[REQUIREMENT]: Go over the entries and report the lines where the word "Toyota" occurs.

[DATASET EXCERPTS]:

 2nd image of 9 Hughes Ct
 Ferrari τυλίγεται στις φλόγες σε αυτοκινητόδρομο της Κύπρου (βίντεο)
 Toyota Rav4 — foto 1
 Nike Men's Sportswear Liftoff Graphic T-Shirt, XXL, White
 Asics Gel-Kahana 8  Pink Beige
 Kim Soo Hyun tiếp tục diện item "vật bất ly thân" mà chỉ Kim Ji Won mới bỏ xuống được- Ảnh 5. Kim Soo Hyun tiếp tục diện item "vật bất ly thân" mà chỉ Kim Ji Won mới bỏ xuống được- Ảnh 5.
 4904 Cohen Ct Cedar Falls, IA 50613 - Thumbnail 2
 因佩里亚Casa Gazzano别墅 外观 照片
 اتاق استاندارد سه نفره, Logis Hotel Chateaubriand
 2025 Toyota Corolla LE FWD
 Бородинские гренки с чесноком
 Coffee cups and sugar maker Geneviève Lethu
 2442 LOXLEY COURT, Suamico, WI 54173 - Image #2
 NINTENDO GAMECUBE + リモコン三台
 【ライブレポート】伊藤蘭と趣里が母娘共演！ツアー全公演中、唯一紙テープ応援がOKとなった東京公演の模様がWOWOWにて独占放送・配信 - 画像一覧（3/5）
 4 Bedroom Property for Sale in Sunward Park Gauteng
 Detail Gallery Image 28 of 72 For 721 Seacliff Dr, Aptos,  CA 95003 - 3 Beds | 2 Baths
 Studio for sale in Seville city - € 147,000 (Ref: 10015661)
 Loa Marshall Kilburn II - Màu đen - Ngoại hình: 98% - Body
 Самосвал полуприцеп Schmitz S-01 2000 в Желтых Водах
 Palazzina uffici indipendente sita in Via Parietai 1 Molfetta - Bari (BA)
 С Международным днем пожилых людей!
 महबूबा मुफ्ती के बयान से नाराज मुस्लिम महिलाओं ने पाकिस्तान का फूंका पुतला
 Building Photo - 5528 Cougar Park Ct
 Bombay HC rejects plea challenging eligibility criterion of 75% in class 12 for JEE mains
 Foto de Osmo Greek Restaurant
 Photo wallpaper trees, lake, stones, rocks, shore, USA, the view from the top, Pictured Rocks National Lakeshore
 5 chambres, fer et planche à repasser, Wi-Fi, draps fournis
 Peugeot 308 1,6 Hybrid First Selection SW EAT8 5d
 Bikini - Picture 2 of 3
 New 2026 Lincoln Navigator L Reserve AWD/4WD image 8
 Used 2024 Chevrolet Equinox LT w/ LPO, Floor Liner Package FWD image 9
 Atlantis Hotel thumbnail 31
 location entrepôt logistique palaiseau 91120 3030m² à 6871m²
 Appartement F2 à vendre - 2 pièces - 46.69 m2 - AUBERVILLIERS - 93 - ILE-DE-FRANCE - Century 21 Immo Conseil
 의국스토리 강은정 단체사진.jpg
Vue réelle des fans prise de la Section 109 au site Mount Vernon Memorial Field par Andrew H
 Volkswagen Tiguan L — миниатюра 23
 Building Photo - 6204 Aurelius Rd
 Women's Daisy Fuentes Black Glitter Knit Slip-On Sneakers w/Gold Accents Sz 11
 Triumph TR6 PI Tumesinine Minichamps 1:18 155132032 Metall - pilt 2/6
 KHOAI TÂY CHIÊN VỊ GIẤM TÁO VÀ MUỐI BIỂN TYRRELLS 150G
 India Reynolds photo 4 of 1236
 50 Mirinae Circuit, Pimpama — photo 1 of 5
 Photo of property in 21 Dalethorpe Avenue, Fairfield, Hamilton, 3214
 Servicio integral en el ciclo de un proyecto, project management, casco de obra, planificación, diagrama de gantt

[PROBLEM SOLUTION]:
 Toyota Rav4 — foto 1
 2025 Toyota Corolla LE FWD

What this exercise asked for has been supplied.